One cohort of her students developed an eye-catching product called “Sweet Saviors,” glucose strips for diabetic children to put on their tongues when they need a spike in their glucose levels. The product removes the guesswork that parents with diabetic children often grapple with when dealing with glucose substitutes.
Dobson added that the design entrepreneurship class is conducted in partnership with the LMU Center for Service and Action and several different nonprofits in Los Angeles. For example, a group of Dobson’s students collaborated with the Lamp Community in downtown Los Angeles, which offers art and music programs for homeless people. Her students’ project also included the design of a portable, solar-powered cell phone charger for the homeless who aren’t always welcomed in coffee shops and private establishments.
“It excites me to see my students solving problems through graphic design,” Dobson said.

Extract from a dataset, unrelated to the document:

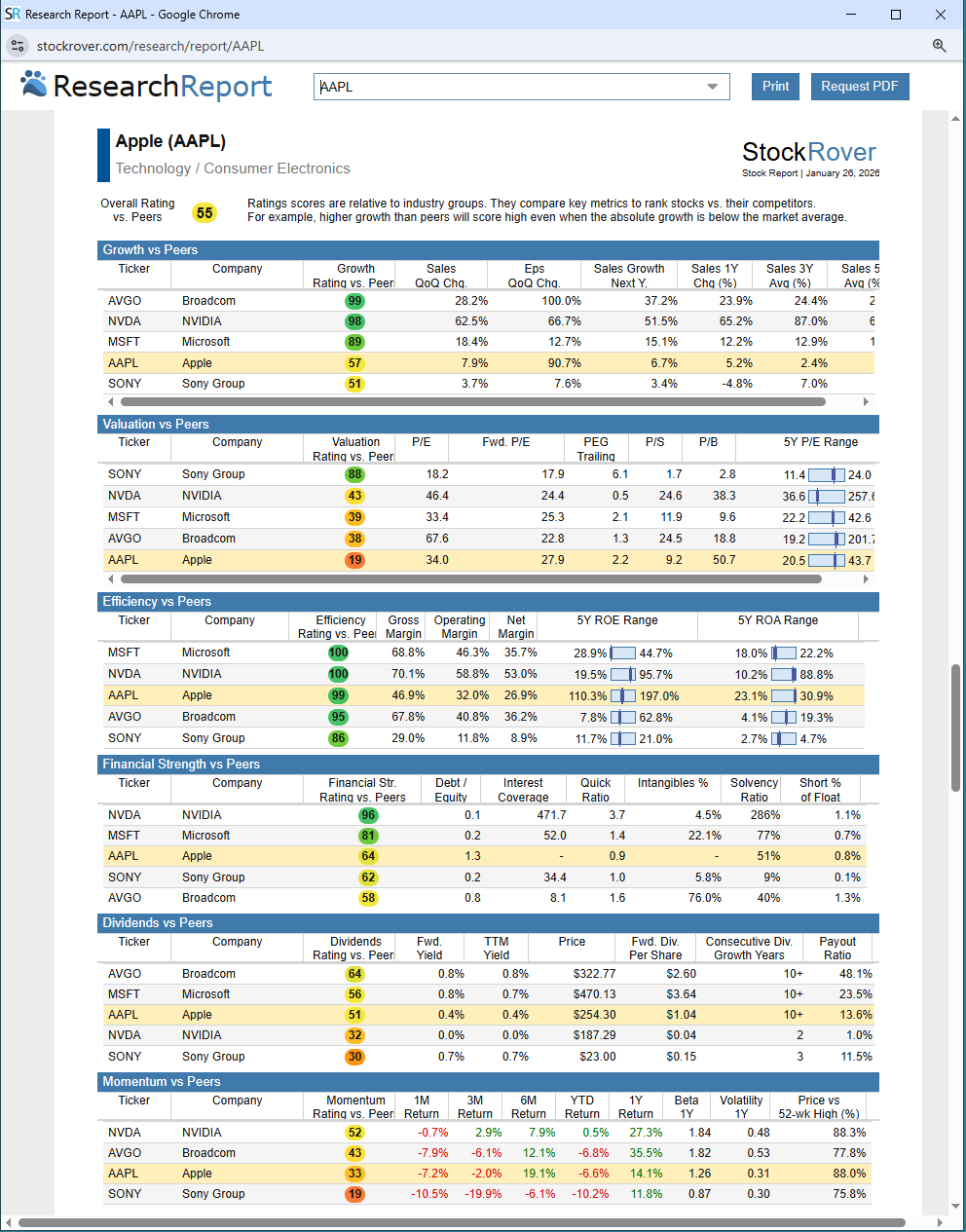Research Report Peers Section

Dobson recently received a City of LA (COLA) Artists-in-Residence Grant, from the Department of Cultural Affairs in Los Angeles. The residency program allows artists to provide community-based, participatory projects in self-selected non-arts venues throughout the city to gather, connect and inspire audiences with little exposure to the arts.
As an Artist in Residence, Dobson hosted four intensive art workshops and weekly art and design activities for adults with intellectual disabilities. In addition, an exhibition showcased her student’s year-long art and design projects.
“This grant enlightened me with the joy of discovery and the gift of teaching individuals with disabilities,” Dobson said.
Outside of the classroom Dobson runs her own company, “Hope by SaeRi,” which makes one-of-a-kind tote bags. Each bag sold raises awareness and funds to help support the poverty-stricken girls of Bangladesh, who are denied a proper education and often expected to marry by the age of thirteen. Partnered with the non-profit “Speak Up for the Poor,” Dobson’s company is currently raising money to build education centers and dormitories for displaced young women and provide books and educational supplies for young girls at risk in Bangladesh. Since launching in 2010, “Hope by SaeRi” now serves 526 girls in 18 villages, with plans to expand to Cambodia, India, and Thailand in the future.
Dobson earned a bachelor of fine arts in Communication Design from the Parsons School of Design at The New School in New York City and later graduated with her master of fine arts in Communications and New Media Design from the Art Center College of Design in Pasadena, California.